Being mounted, Australian forces soon found that they had at least one pom-pom attached to the column from mid-1900 onwards. Here are two examples of how the Australians used them on operations
On 4 January 1902 Valentin's corps, 5QIB, with one pom-pom was detached as a flank guard to the column on the left flank. On meeting the enemy Valentin withdrew to the nearest ridge, opened fire, driving off the enemy. A short advance brought them to more enemy. This time the Boers attacked in force but Valentin's 300 men were already in position and it is reported that his pom-pom created havoc amongst the attackers.
After arrival the 2nd Australian Commonwealth Horse (Victoria, South Australia, Western Australia) began a drive on 7 May 1902. The width of front of the advance was about 2½ km with C Squadron on the left and D Squadron on the right, these two leading squadrons being supported by a pom-pom in the centre of the advance.
They became a dearly beloved weapon for post Boer War Light Horse units but did not make it to World War 1
The British Army did not employ it as an infantry weapon in World War I, as its shell was considered too small for use against any objects or fortifications and British doctrine relied on shrapnel fired by QF 13 pounder and 18 pounder field guns as its primary medium range anti-personnel weapon. The terrain at Gallipoli would have made it ideal albiet hard to man-handle into position. There AP shells from the Navy could not provide the air bursts to keep an enemy's head down and fire from the field guns was difficult to control in the undulating terrain.
In 1903 as part of its post-war reorganisation the British army assigned one pom-pom to each regiment of cavalry. It provided much needed reliable direct support and what's more the units could be equipped from stocks bought for the Boer War, therefore at minimal cost to the taxpayers. Ironically captured Boer weapons were not taken on charge (foreign manufacture therefore dubious!) but handed out to cities and towns around the empire as prizes and as gate guardians. The Royal Navy also decided to equip many of its lighter craft with a pom-pom on a naval mount for close in protection.

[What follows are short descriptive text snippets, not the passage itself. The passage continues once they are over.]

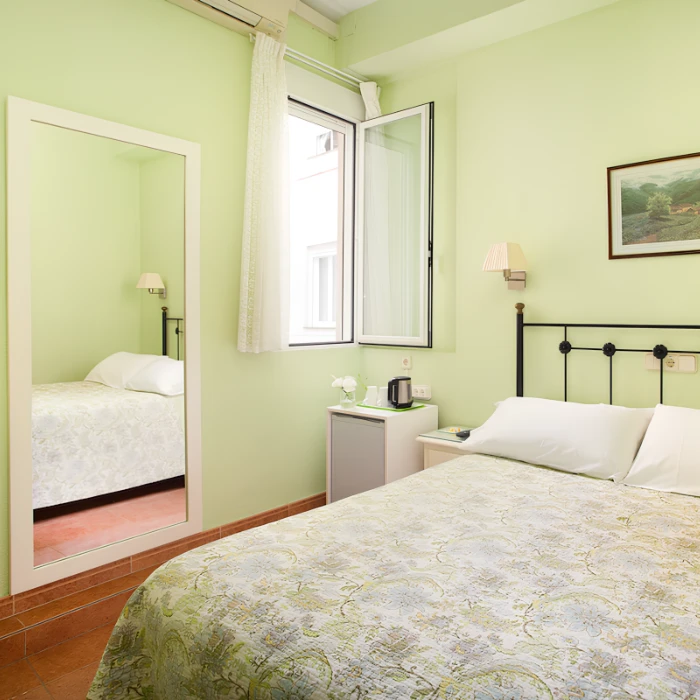 Habitaci&oacute;n luminosa con cama, espejo, ventana abierta, y mesita con tetera sobre mini nevera.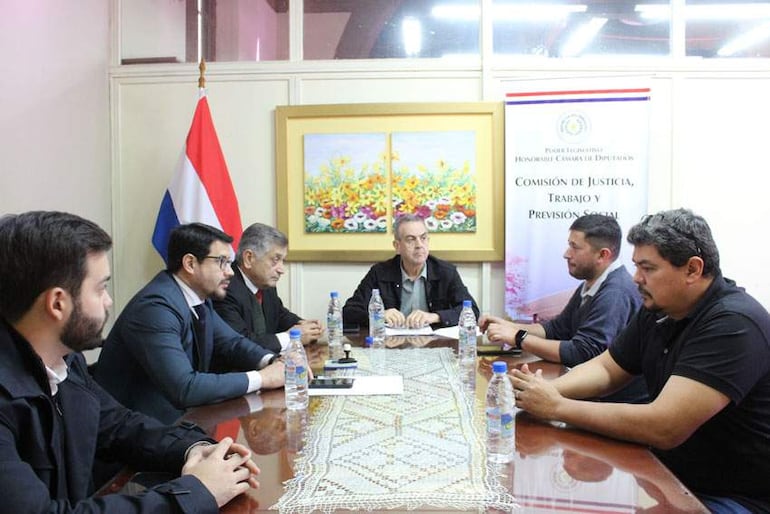 Reunión con Yamil Esgaib y otros hombres sentados alrededor de una mesa en un ambiente formal, con bandera de Paraguay atrás.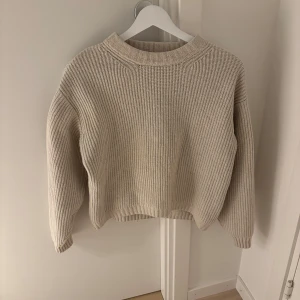 Beige stickad tröja - Säljer en supermysig beige stickad tröja i bra skick. Den har en kort passform och är perfekt för höst och vinter. Tröjan är långärmad och har en ribbad struktur.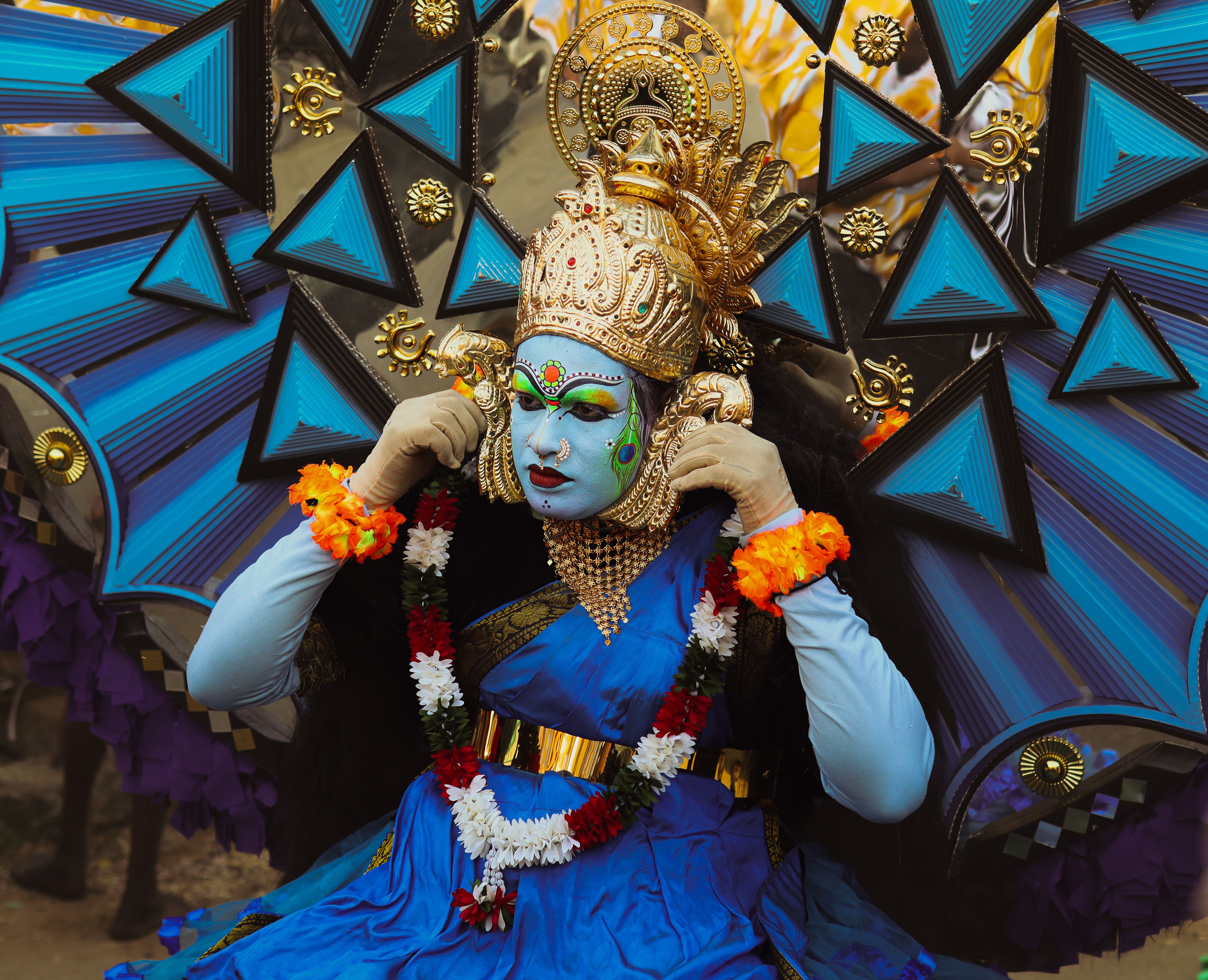 Colorful Kathakali dancer in traditional costume at Thrissur festival, Kerala, India.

By 1905 the Australian Army decided to follow suit and all Light Horse Regiments were equipped with a pom-pom so that each Light Horse Brigade could field a section of three when they were brigaded. These were bought new from the manufacturer, 18 in total being acquired – one for each regiment on the order of battle. That meant that some regiments did not receive theirs until 1908. No spares or training equipment were acquired so that training was done by a training team moving around the country to unit and Brigade camps, establishing a school on site to conduct the training. Shoots were usually conducted at a range of about 800 yards.
Ironically as all this was taking place the British army declared the pom-pom obsolete in early 1907. The army technocrats had never liked the weapon. "Over our dead body" had been the cry when its introduction was first mooted in the end it was the dead bodies of soldiers in South Africa that caused its introduction. As previously mentioned, too light a shell and too short a range for artillery, while still being quite a weight to drag around, not the same firepower as a machine gun and its cardinal sin in the eyes of a few at the War Office – why have this when you should be able to do your job with swords and lances? By 1907 with the Vickers machine-gun replacing the less reliable maxim, the new 18 pounder on the way to field regiments and the 13 pounder to the Royal Horse Artillery Regiment it was increasingly hard to make a case for the pom-pom.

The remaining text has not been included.